▸ Task statement
Only the lines that include "Pink" should be copied from the data below.

(Caption-style text data)
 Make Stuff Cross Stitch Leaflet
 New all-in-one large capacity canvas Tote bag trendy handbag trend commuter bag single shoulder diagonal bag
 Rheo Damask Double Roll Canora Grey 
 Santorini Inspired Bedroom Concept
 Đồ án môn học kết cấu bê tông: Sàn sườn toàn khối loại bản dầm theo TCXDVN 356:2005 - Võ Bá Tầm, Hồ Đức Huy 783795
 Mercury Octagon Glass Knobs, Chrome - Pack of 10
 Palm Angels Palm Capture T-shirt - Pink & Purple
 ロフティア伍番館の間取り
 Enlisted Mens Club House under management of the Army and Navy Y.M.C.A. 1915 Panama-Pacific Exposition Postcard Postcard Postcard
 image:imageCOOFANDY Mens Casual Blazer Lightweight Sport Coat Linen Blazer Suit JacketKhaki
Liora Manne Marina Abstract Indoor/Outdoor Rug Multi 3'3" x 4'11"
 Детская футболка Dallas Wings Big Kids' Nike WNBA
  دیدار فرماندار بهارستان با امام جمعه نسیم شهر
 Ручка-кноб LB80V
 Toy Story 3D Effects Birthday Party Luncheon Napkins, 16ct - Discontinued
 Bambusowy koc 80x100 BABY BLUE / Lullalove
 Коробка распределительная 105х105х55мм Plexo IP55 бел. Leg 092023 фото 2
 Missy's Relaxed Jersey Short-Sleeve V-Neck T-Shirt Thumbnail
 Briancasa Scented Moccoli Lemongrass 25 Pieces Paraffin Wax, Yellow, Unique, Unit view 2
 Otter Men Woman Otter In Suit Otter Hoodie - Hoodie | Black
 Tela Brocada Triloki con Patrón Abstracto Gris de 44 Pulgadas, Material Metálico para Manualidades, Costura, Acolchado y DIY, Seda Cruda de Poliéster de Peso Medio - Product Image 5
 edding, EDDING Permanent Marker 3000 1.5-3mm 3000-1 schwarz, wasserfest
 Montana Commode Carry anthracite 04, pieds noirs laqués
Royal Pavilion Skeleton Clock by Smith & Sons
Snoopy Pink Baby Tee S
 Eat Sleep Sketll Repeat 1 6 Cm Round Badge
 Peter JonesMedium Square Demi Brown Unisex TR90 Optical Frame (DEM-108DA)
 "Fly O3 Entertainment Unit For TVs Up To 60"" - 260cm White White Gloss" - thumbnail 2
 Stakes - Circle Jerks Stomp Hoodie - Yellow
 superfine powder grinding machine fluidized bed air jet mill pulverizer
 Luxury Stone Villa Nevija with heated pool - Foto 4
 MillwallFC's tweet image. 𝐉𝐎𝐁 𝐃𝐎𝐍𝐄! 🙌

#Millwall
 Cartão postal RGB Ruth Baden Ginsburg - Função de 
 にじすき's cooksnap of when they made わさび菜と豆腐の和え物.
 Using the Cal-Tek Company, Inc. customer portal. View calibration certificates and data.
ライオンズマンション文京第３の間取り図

▸ Task output
 Palm Angels Palm Capture T-shirt - Pink & Purple
Snoopy Pink Baby Tee S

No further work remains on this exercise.